LISTED RECORDS –
────────────────────

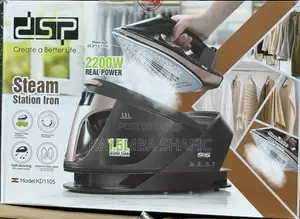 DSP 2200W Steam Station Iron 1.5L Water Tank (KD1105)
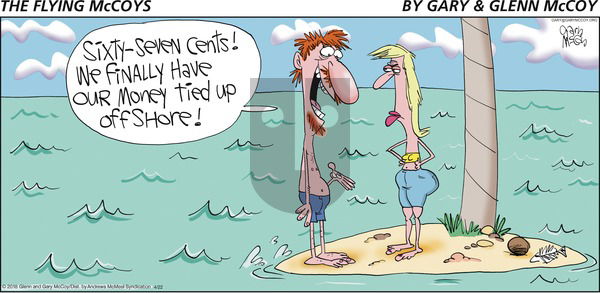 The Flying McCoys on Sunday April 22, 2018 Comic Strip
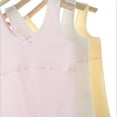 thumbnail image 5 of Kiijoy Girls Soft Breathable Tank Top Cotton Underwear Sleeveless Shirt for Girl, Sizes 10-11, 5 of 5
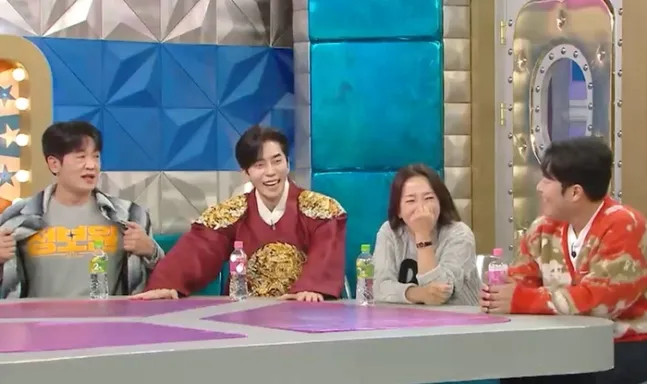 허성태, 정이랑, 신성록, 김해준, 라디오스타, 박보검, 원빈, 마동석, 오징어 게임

────────────────────

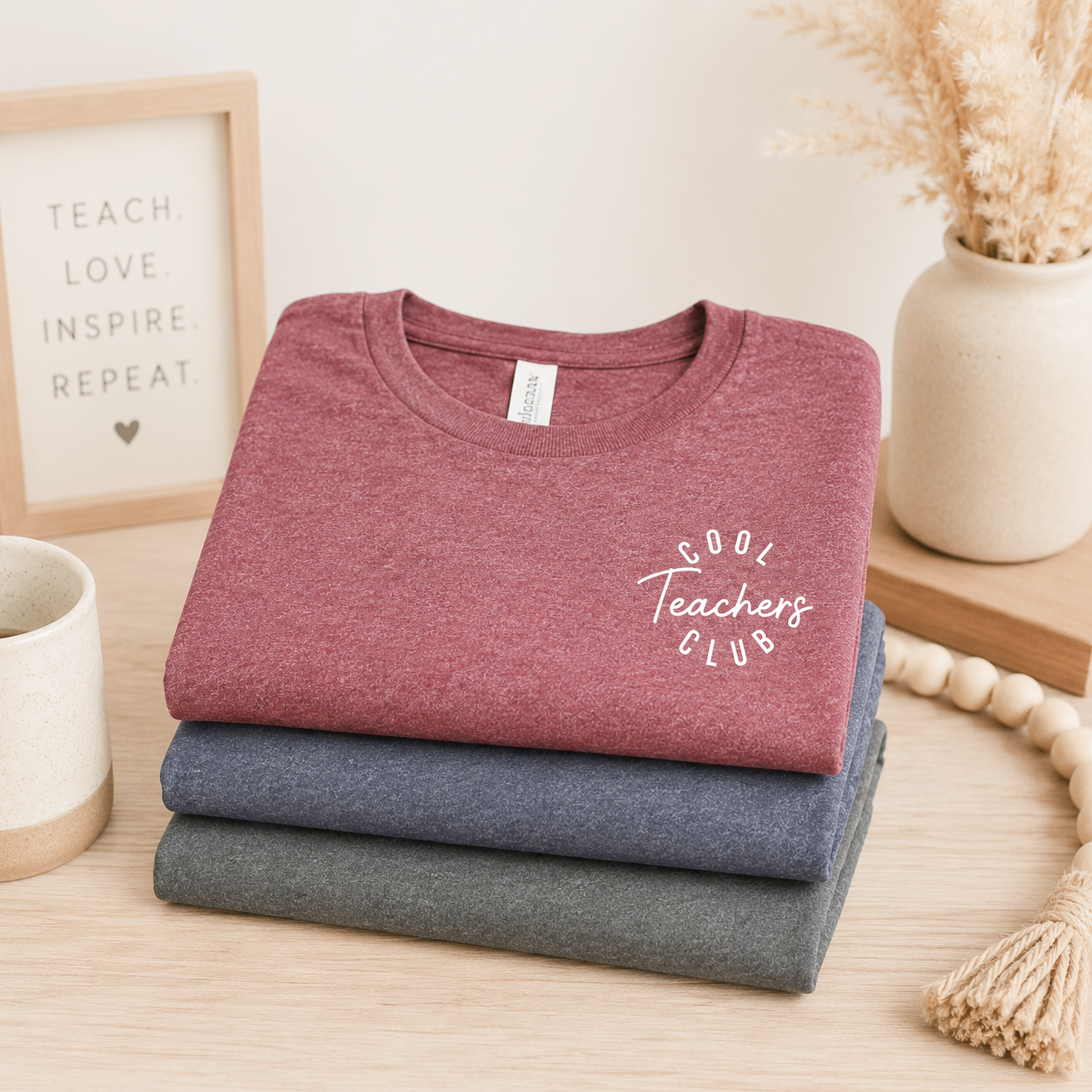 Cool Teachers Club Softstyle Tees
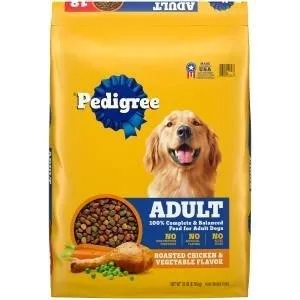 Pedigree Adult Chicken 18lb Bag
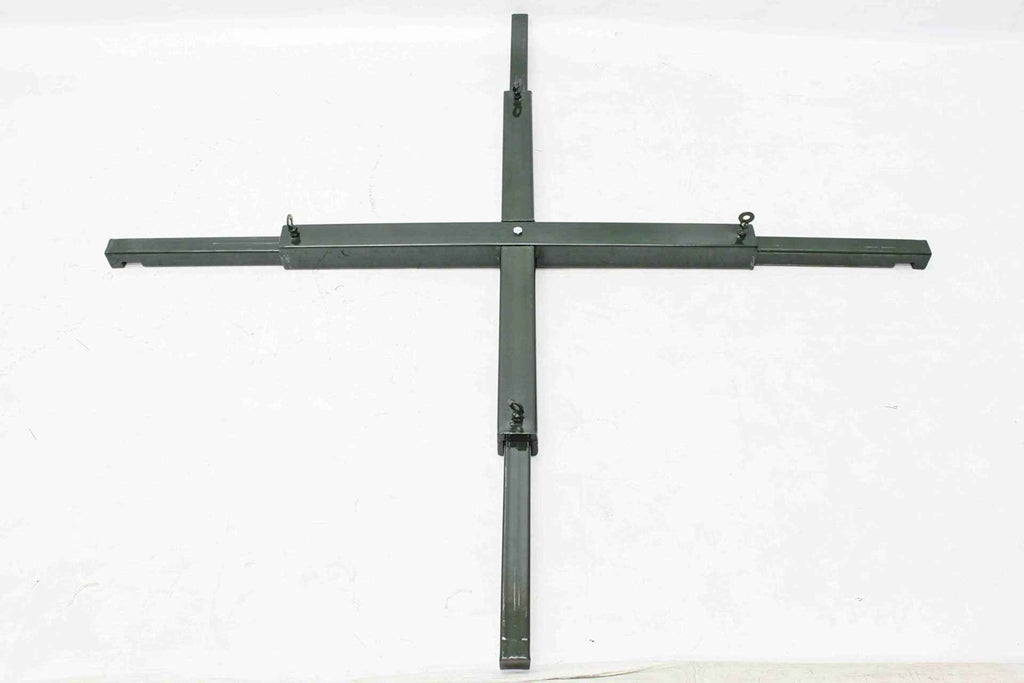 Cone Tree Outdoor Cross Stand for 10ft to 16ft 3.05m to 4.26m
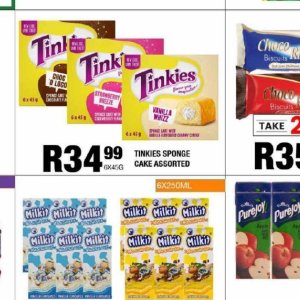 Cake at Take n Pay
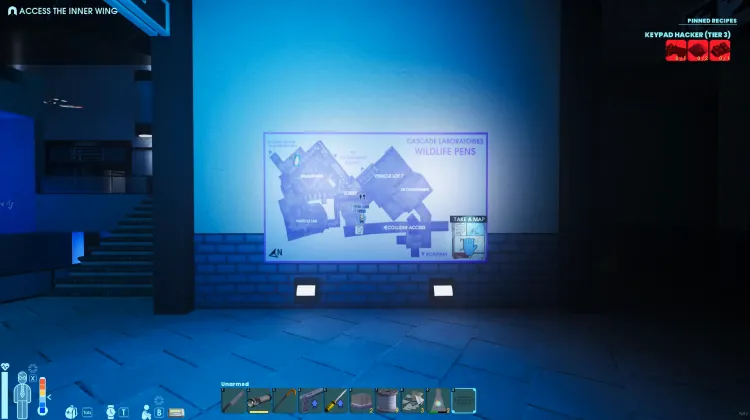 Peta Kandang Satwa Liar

────────────────────

INSTRUCTIONS TO FOLLOW – Could you write out exactly the lines of the data above that run from the one holding "DSP 2200W Steam" to the one holding "허성태, 정이랑, 신성록, 김해준, 라디오스타, 박보검, 원빈, 마동석, 오징어", with both ends in and all pictures out?

TASK RESPONSE –
 DSP 2200W Steam Station Iron 1.5L Water Tank (KD1105)
 The Flying McCoys on Sunday April 22, 2018 Comic Strip
 thumbnail image 5 of Kiijoy Girls Soft Breathable Tank Top Cotton Underwear Sleeveless Shirt for Girl, Sizes 10-11, 5 of 5
 허성태, 정이랑, 신성록, 김해준, 라디오스타, 박보검, 원빈, 마동석, 오징어 게임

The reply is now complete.